See, e.g., United States v. Towne
(2d Cir.1988) (to be published; citation not yet available);
Herbert,
860 F.2d at 622 (expressly adopting
Petty
on remand analysis);
United States v. Rush,
840 F.2d 580, 581 (8th Cir.1988) (“[I]t is the criminal episodes underlying the convictions, not the dates of conviction, that must be distinct to trigger the provisions of the ACCA.”).
Under the “single criminal episode” test based on the Solicitor General’s reading of the ACCA, two criminal convictions for two acts committed at separate times obviously can be treated as two separate ACCA predicate convictions.
See, e.g., United States v. Wicks,
833 F.2d 192, 194 (9th Cir.1987) (implicitly adopting, but distinguishing, “single criminal episode” rule from
Petty
because defendant “committed two burglaries at two different places at two different times.”);
United States v. Gillies,
851 F.2d 492, 497 (1st Cir.1988) (same);
cf. United States v. Greene,
810 F.2d 999, 1000 (11th Cir.1986)
(pre-Petty
case involving “burglaries of four separate buildings at four separate locations on four different days”). The case at bar, however, involves nothing even remotely similar to such cases; Defendant Johnson simply was charged with both delivery of heroin and conspiracy to distribute heroin arising from a single episode of illicit activity. While Defendant Johnson unquestionably could be tried and convicted on both a substantive delivery charge and a related conspiracy charge,
see, e.g., Ianelli v. United States,
420 U.S.
770, 777-78, 95 S.Ct. 1284, 1289-90, 43 L.Ed.2d 616 (1975), this fact does not perforce mean that the resulting convictions for conspiracy and the substantive offense can be treated as two separate ACCA predicates. On the contrary, the legislative history of the ACCA as interpreted by the Solicitor General and various federal circuits proscribes such treatment of two convictions springing from a single criminal episode. Thus, Defendant Johnson’s 1978 conspiracy conviction
cannot
be treated as a second ACCA predicate conviction.

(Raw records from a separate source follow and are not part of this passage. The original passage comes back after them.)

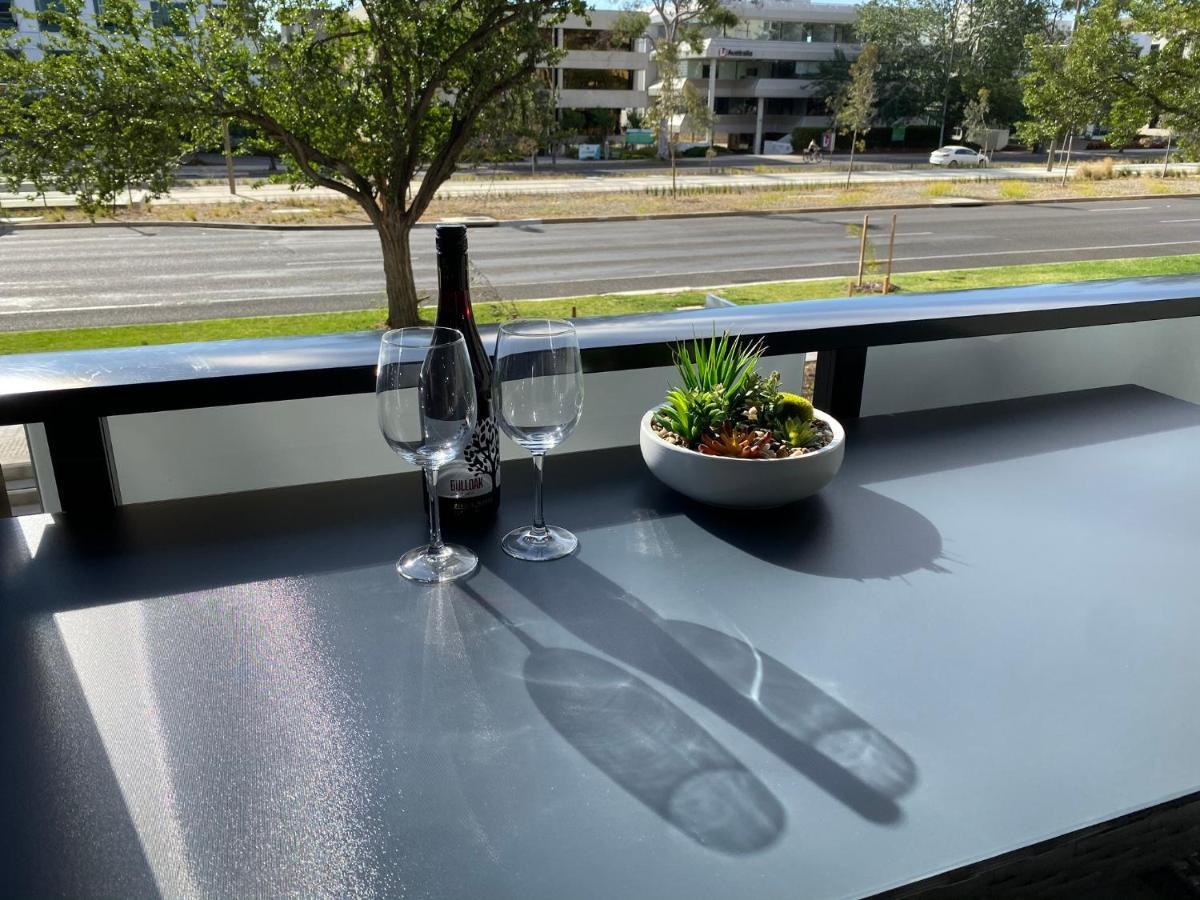 Midnight Luxe 1Br 1Bath Apartment 104 In The Heart Of Braddon Pool Sauna Secure Parking Wine Wifi Canberra Exteriér fotografie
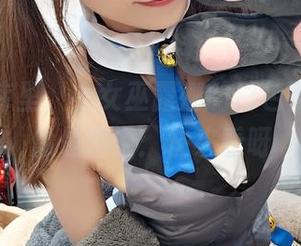 精选图库里，小女巫露娜的白色蕾丝长筒像是在说：快来看呀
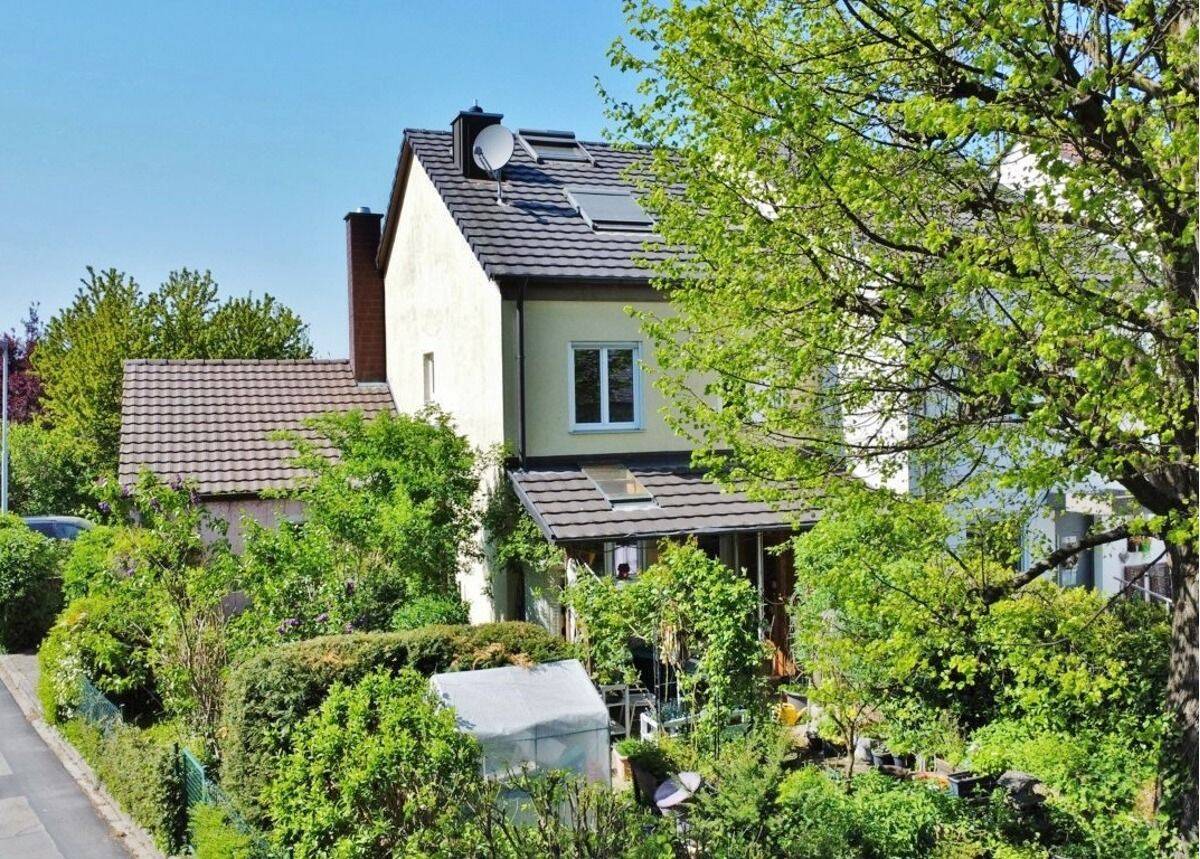 Ihr neues Zuhause – Großflächiges Reihenendhaus mit Garten in familiärer Lage in Schallstadt-Mengen, 79227 Schallstadt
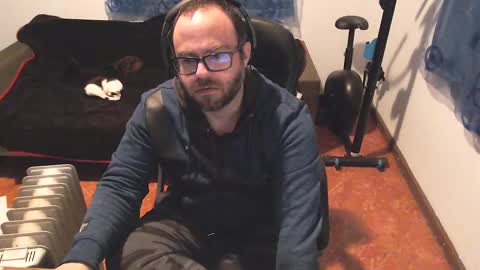 ravingr3d3 online show from February 14, 2025, 10:14 pm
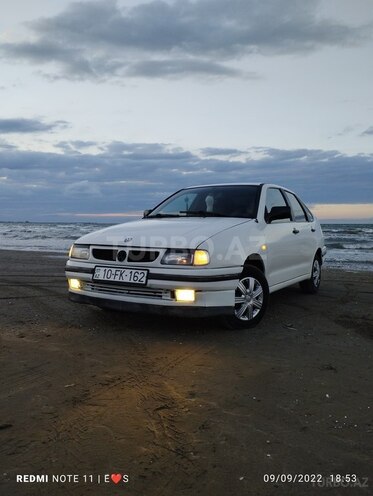 Volkswagen Polo 1995, 300,003 km - 1.6 l - Sumqayıt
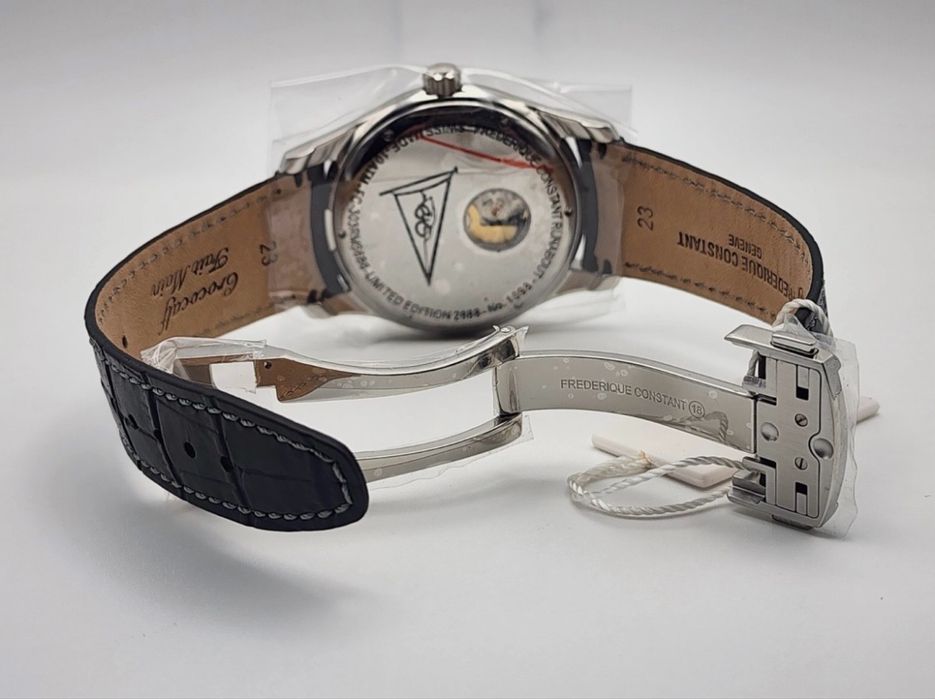 Швейцарские часы Frederique Constant Runabout, лимитка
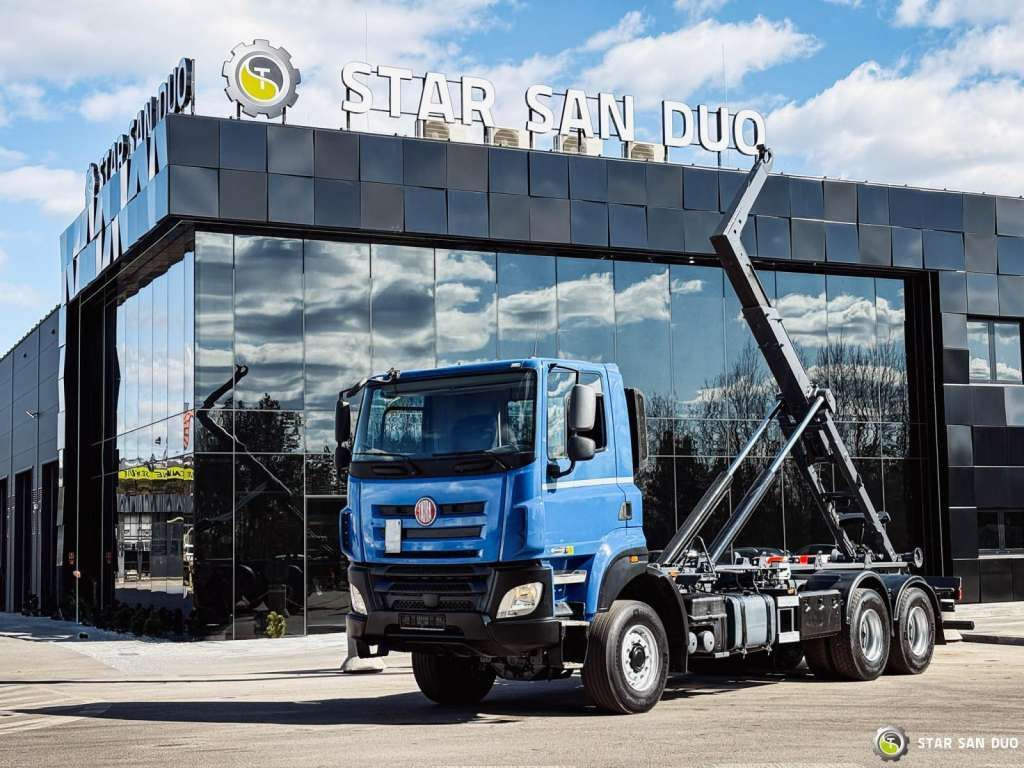 Tatra T158 PHOENIX 6x6 Euro 6 - Camión: foto 1 Tatra T158 PHOENIX 6x6 Euro 6 - Camión: foto 1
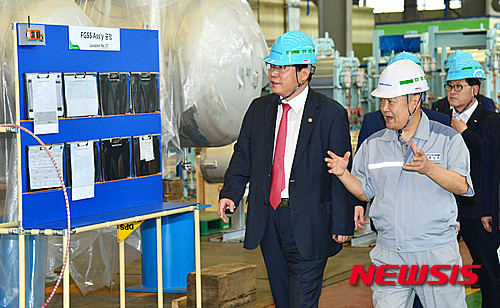 동화엔텍 사업장 시찰하는 주형환 차관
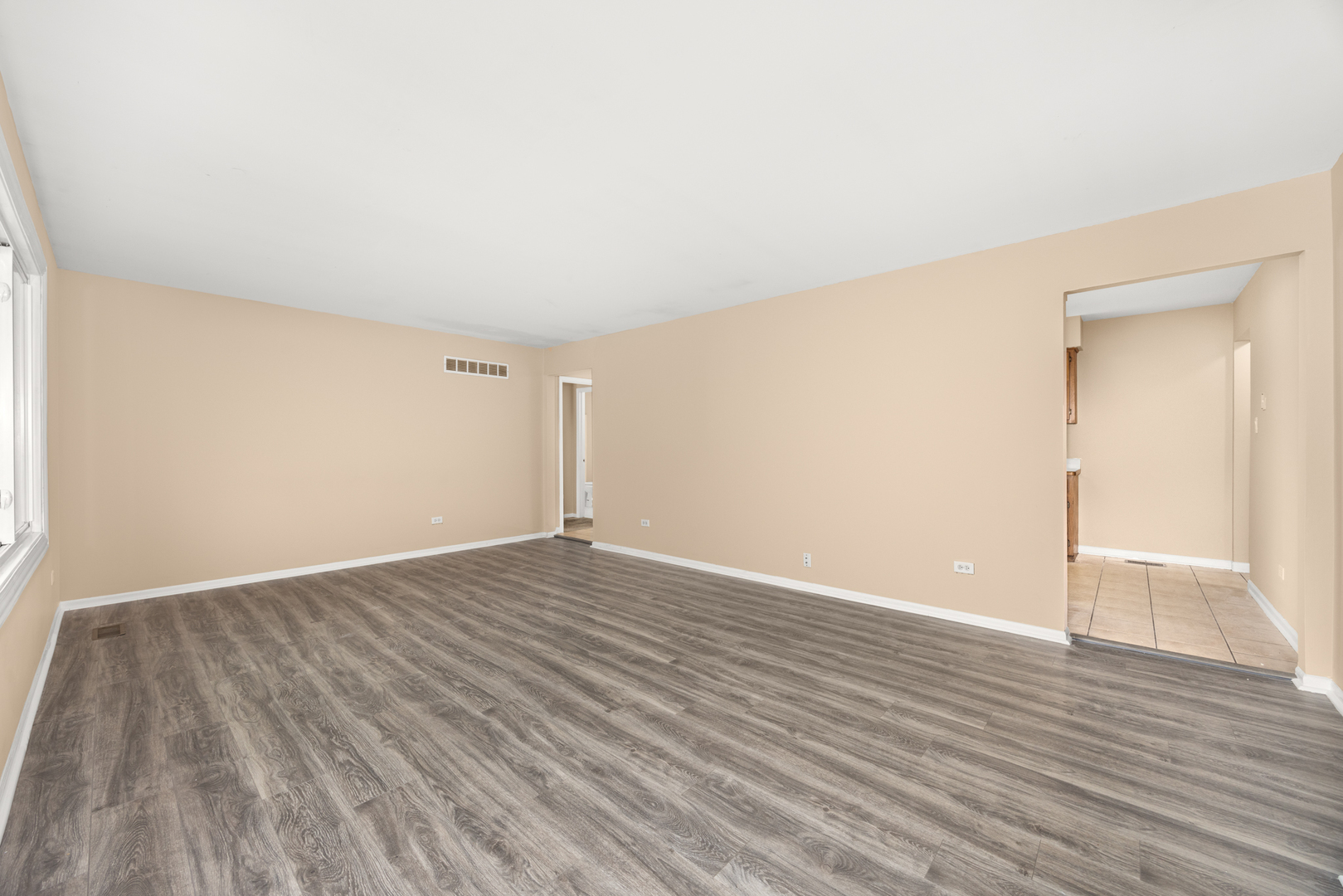 2606 Ruth Fitzgerald Drive Plainfield, IL 60586 - Photo 4 of 23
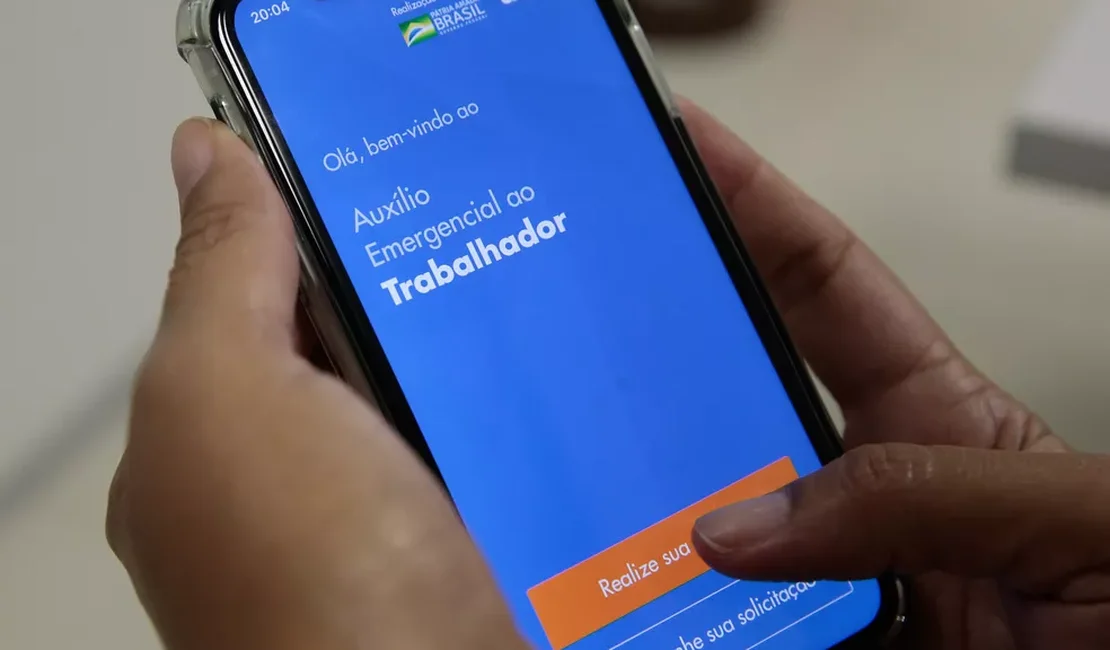 Governo antecipa saques da 1ª parcela do auxílio emergencial para 2 milhões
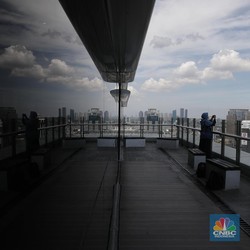 Langit Jakarta Menggelap Sore Ini! Ada Fenomena Apa Ini?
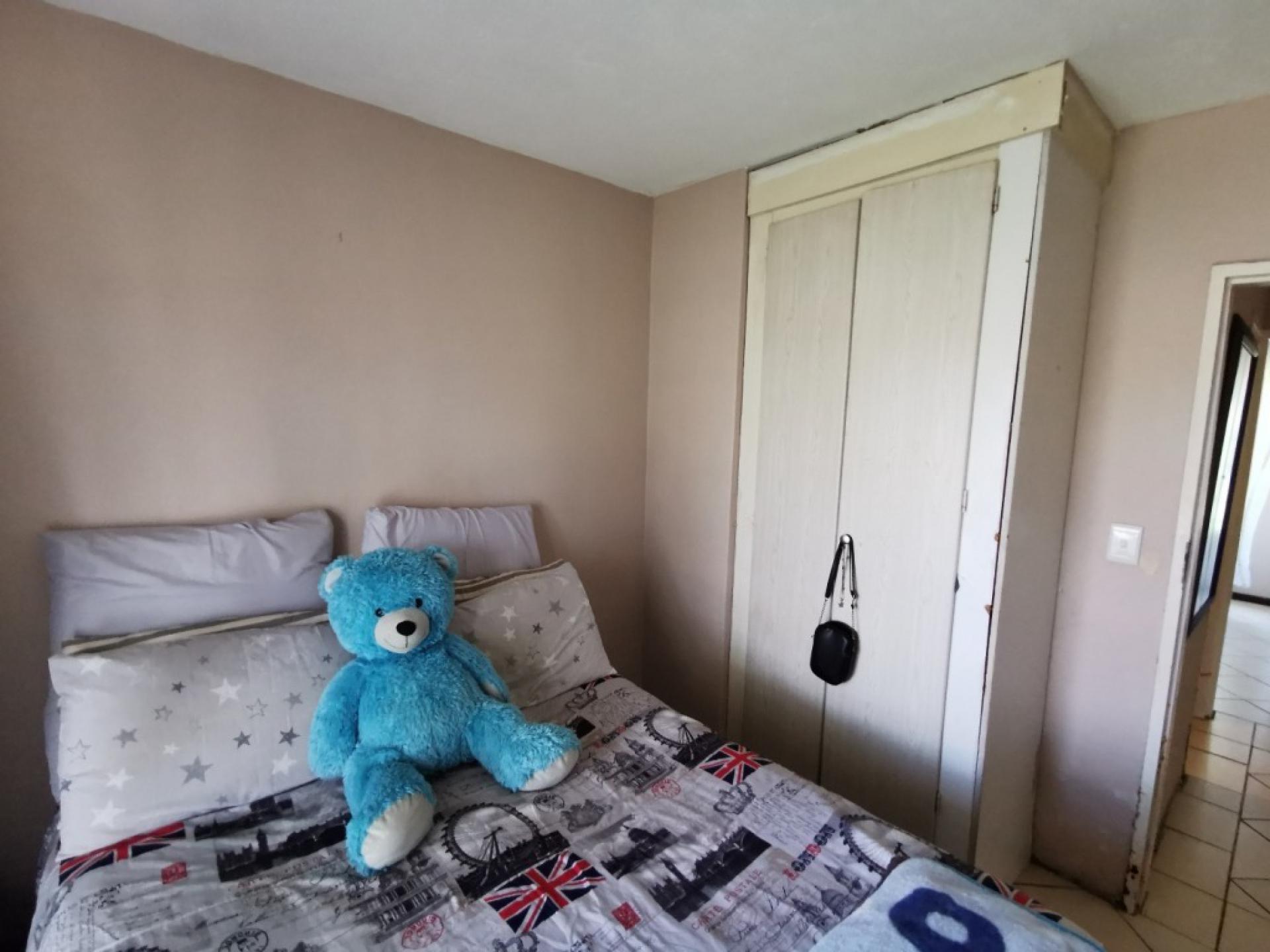  of property in Karenpark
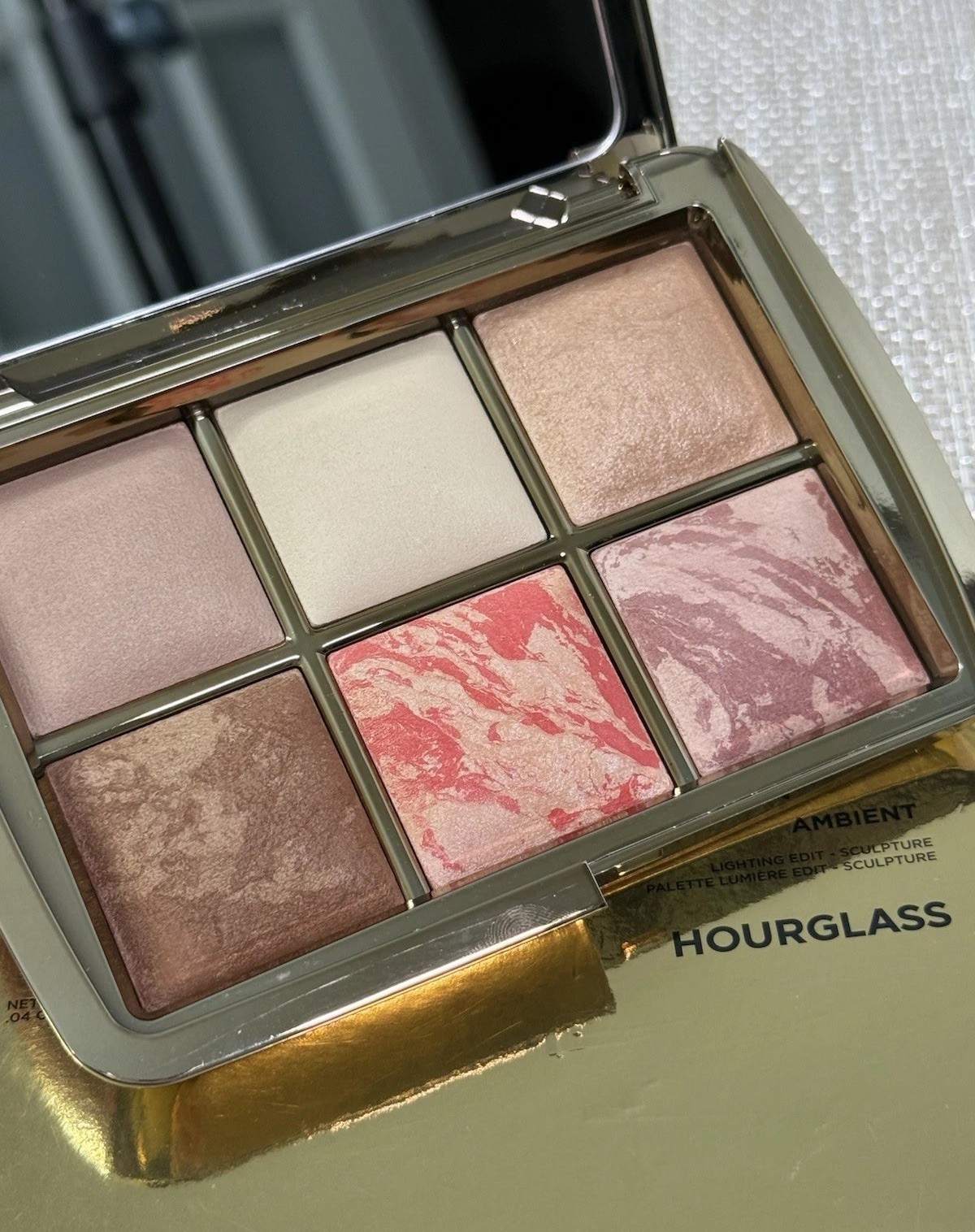 Hourglass Ambient Lighting Edit Sculpture Holiday Limited Edition Palette NIB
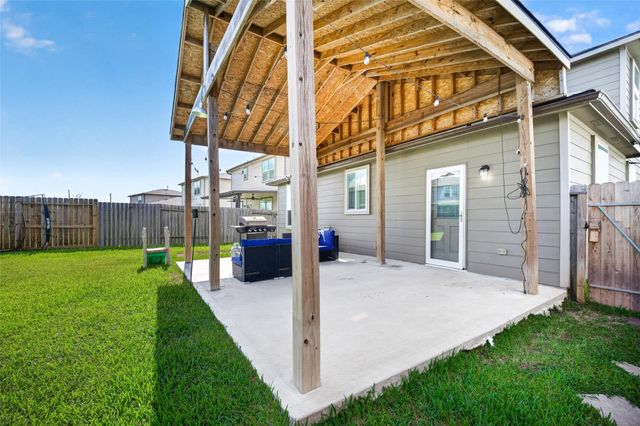 7031 Hobby Wind Ridge Drive, Houston, TX 77075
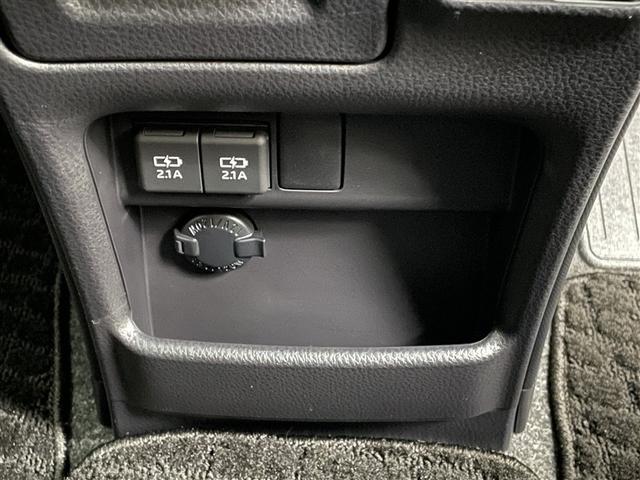 ノア ハイブリッドＸ　ＴＳＳ　両側電動ドア　Ｂカメラ　横滑り防止　エアバック　オートエアコン　リアクーラー　パワーウィンドウ　メモリ－ナビ　ＡＷ　ＬＥＤヘッド　クルコン　キーフリー　ウォークスルー　Ｄレコ　ＡＵＸ　パワステ（32枚目）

6. Habitual Criminal Activity
Both parties concede that this “conviction” was more in the nature of a recidivist charge somewhat analogous to the ACCA itself. Based on the lack of any separate episode of underlying conduct to define this charge, the habitual criminal activity conviction cannot possibly serve as an ACCA predicate.
See
M.C.L.A. §§ 769.10, -.11 & -.12.
7. Prison Marijuana Conviction
Defendant Johnson’s final conviction involved the smuggling of marijuana into a state prison. This conviction cannot be regarded as a “serious drug offense” because it carries a maximum prison term of only five years.
See
M.C.L.A. § 800.285;
cf
M.C.L.A. § 333.7401(2)(c). Moreover, the evident inclusion of surreptitious conduct in the offense obviously forecloses “violent felony” treatment of the conviction.
III. Conclusion
Under binding Sixth Circuit precedent, the ACCA citation should be stricken from the indictment as surplusage. Because Defendant Johnson has only one valid ACCA predicate conviction, the Court shall strike the Government’s separate ACCA notice as a legal nullity. Thus, further proceedings are required solely regarding the basic felon in possession charge against Defendant Johnson. The Court shall enter an order limiting further proceedings accordingly.